* [What you will do]: Look below for the line containing "OfficeTree 100 Meter" and the line containing "Vivacity: Multi-Purpose Responsive Theme", then set down both and every line between them exactly, without pictures.

* [Entries provided]:
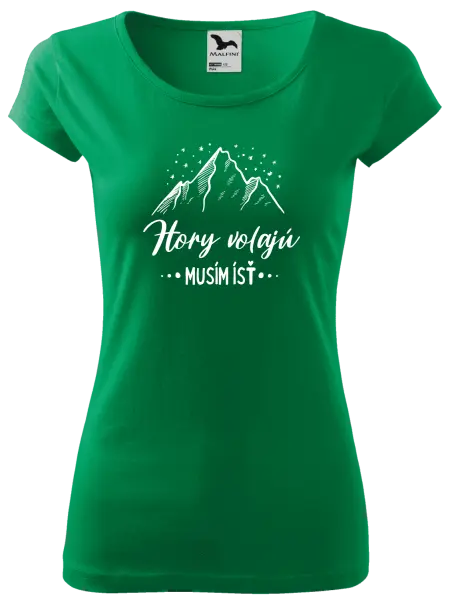 Dámske tričko Hory volajú, musím ísť 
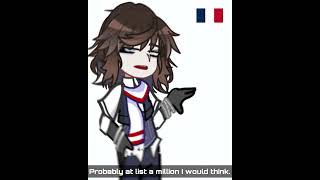 How many genders are there European countries gacha gachalife countryhumans funny shorts [upl. by Rossing]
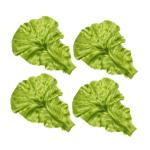2 Sätze Salat-Requisite Simulation Salatblätter Gemüseblatt-Requisite Künstliche Salatblätter Simulation Von Salatblattmodellen Gemüsestütze Lebensmitteldekor Green PVC 4 St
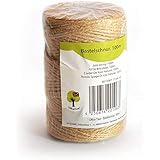 OfficeTree 100 Meter Bastelschnur - Natur Kordel - 1 Rolle Juteschnur hochwertiges Natur Produkt für Haushalt Garten Dekorati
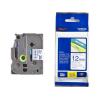PTOUCH Band, laminiert blau/weiss TZe-233 PT-1280VP 12 mm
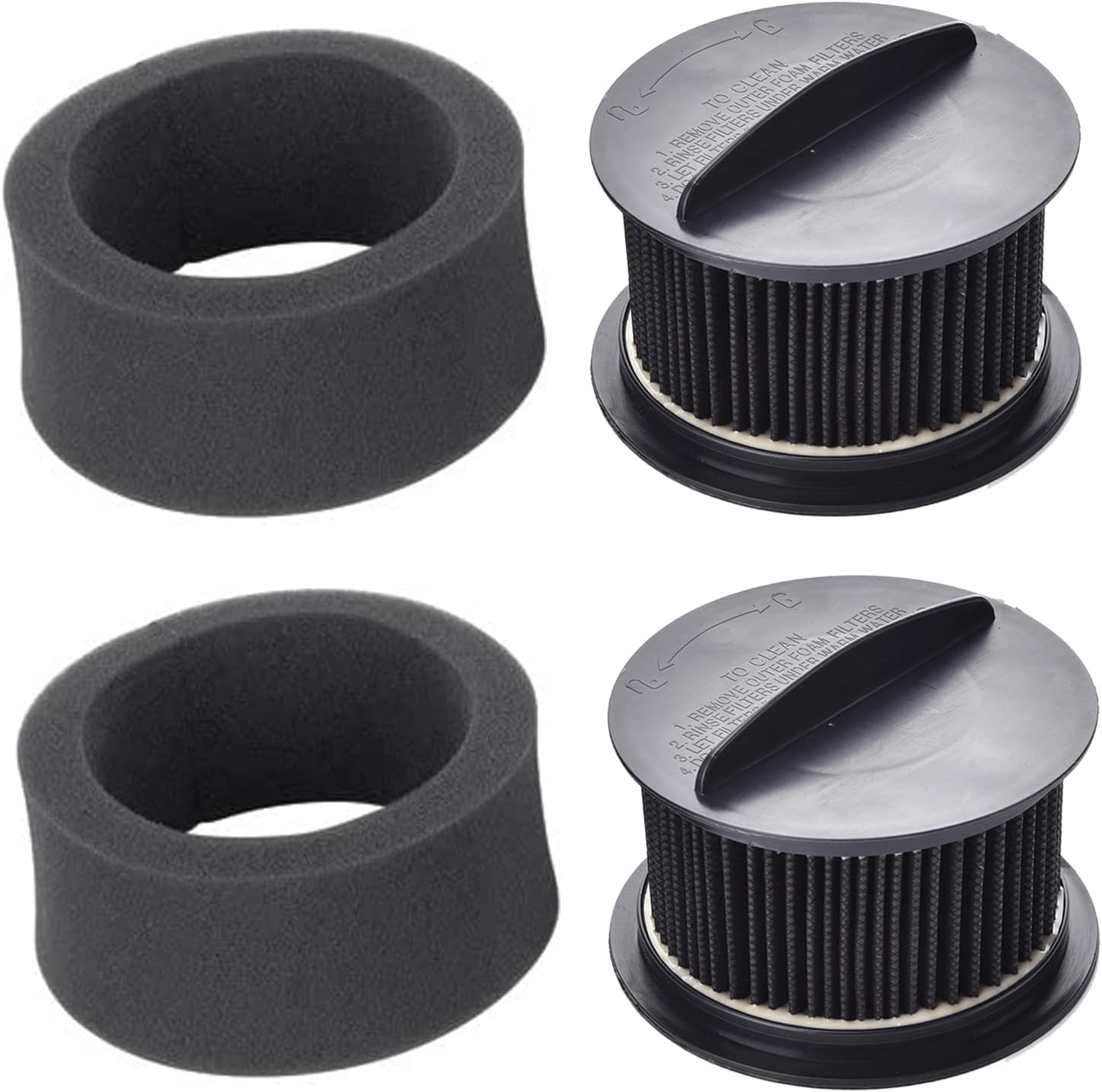 Vacuum Filters for Bissell Powerforce Helix Turbo 32r9,1240,82h1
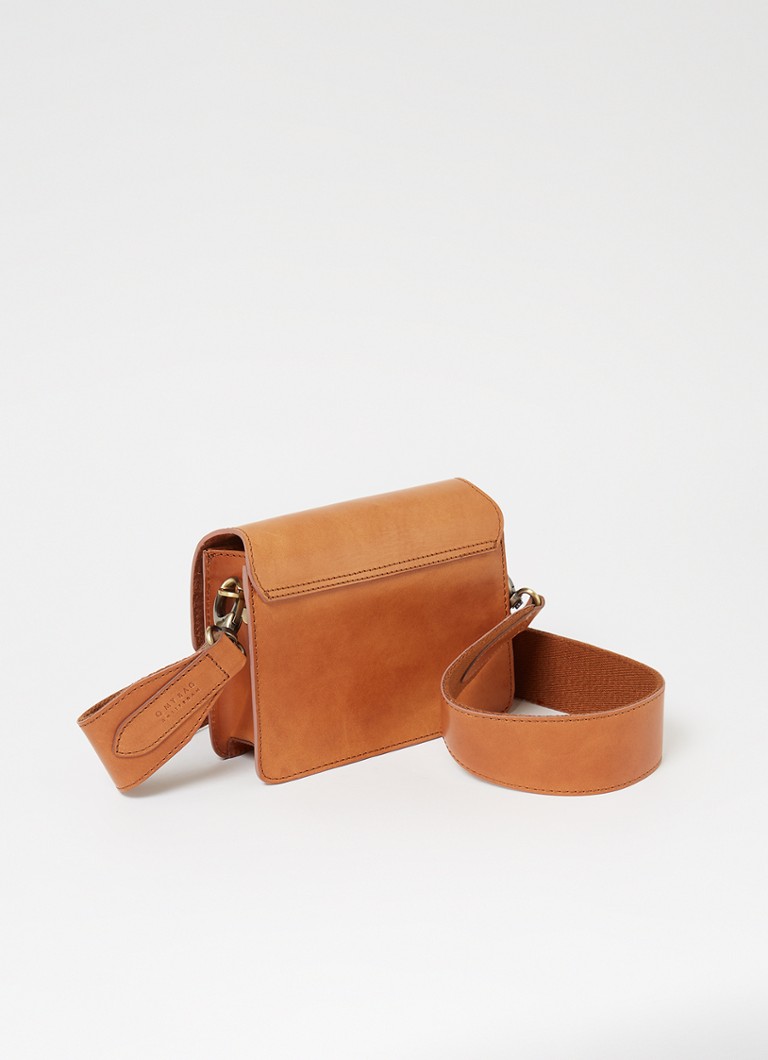 Geantă de umăr mini din piele O My Bag Harper cu curea detașabilă.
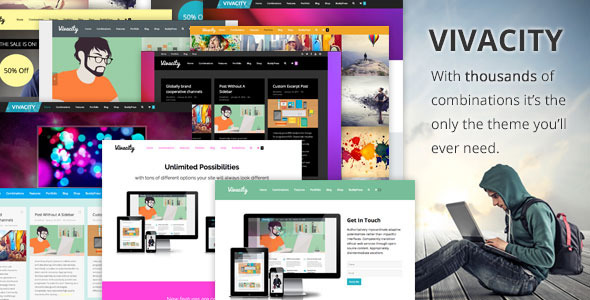 Vivacity: Multi-Purpose Responsive Theme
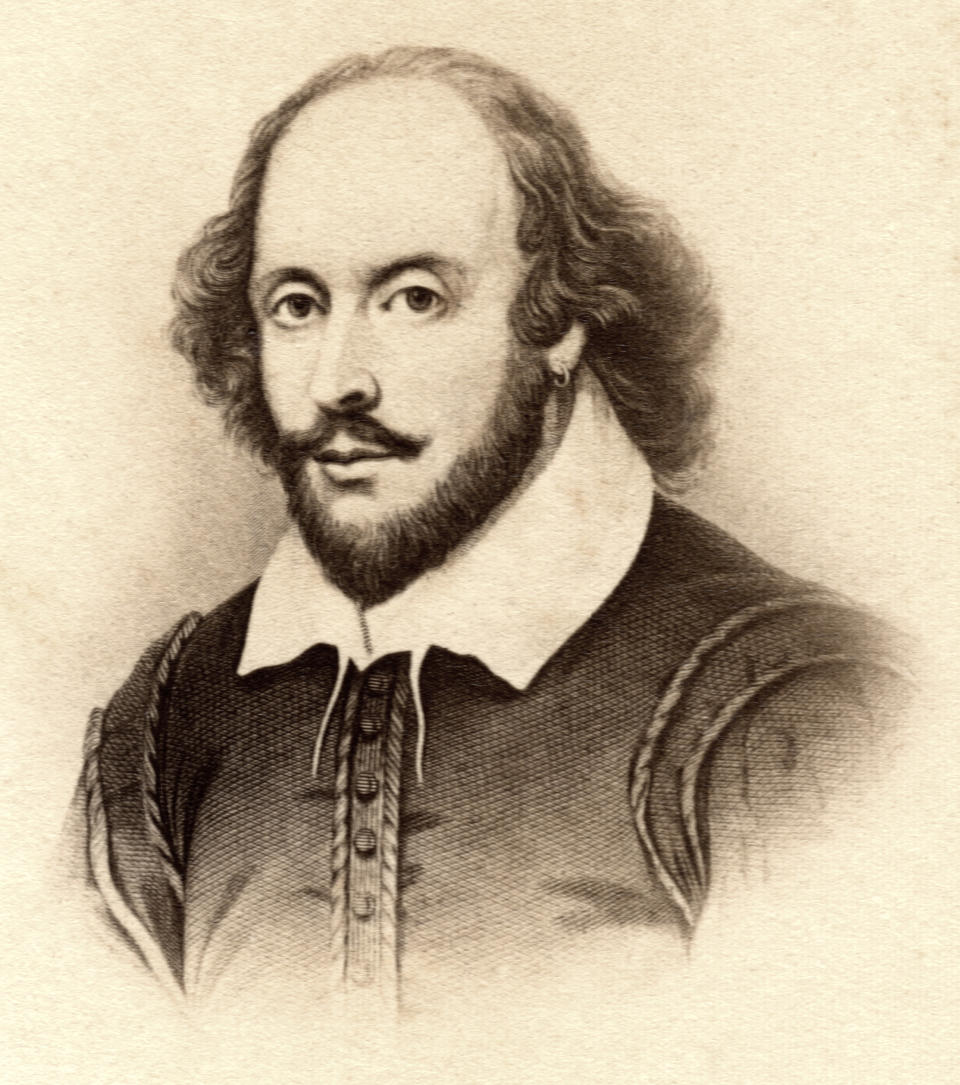 William Shakespeare (1564–1616), English Poet, Playwright and Actor, Widely Recognized as Greatest Dramatist, Portrait. (Photo by: Universal History Archive/Universal Images Group via Getty Images)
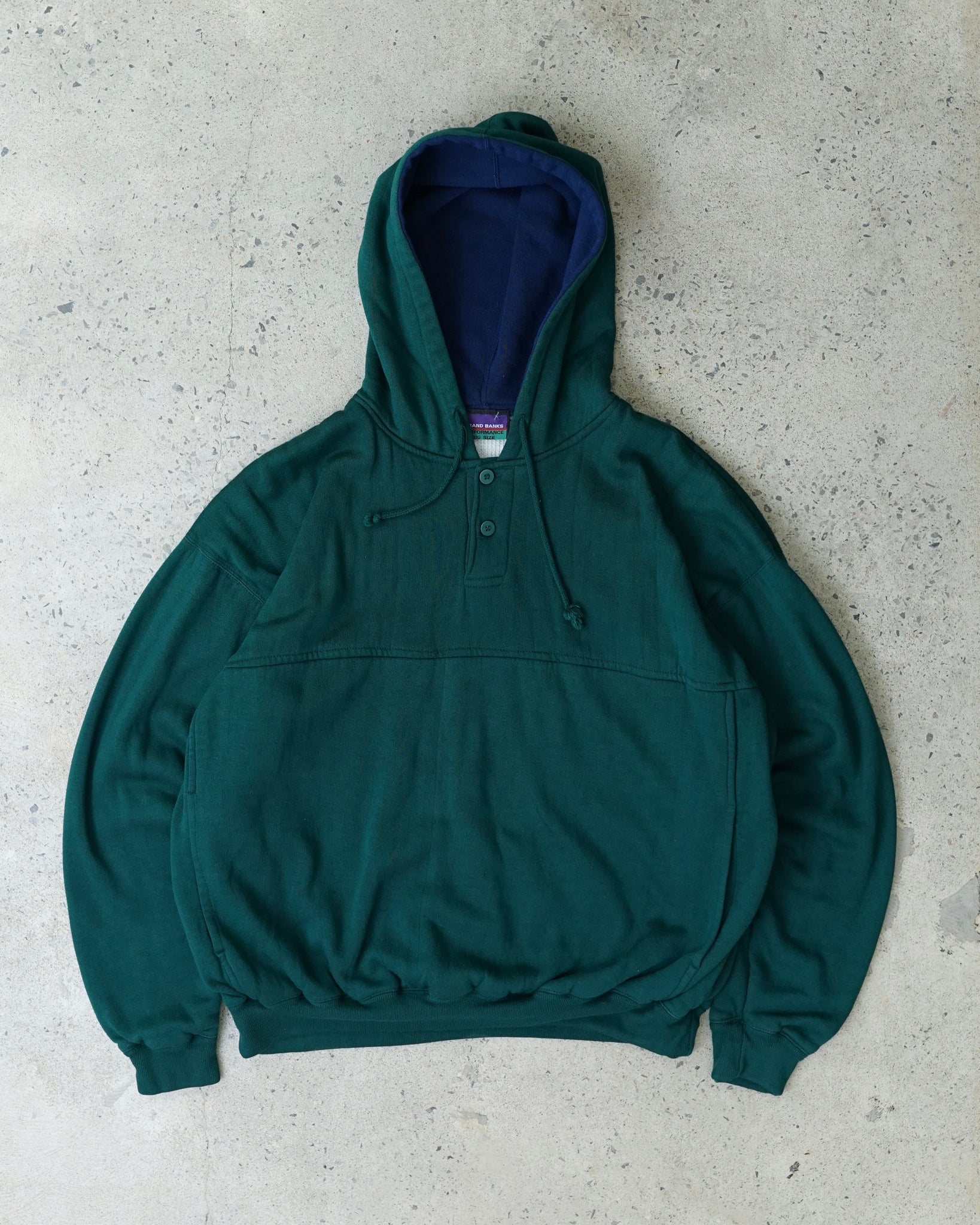 grand banks 1/4 button-up hoodie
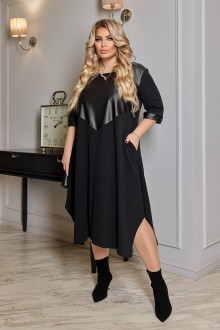 Жіноча сукня вільного крою колір чорний р.62/64 449380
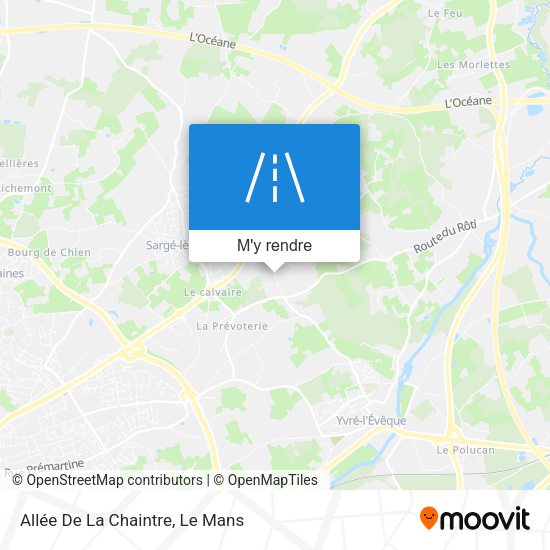 Allée De La Chaintre plan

* [Solution for this problem]:
 OfficeTree 100 Meter Bastelschnur - Natur Kordel - 1 Rolle Juteschnur hochwertiges Natur Produkt für Haushalt Garten Dekorati
PTOUCH Band, laminiert blau/weiss TZe-233 PT-1280VP 12 mm
 Vacuum Filters for Bissell Powerforce Helix Turbo 32r9,1240,82h1
 Geantă de umăr mini din piele O My Bag Harper cu curea detașabilă.
 Vivacity: Multi-Purpose Responsive Theme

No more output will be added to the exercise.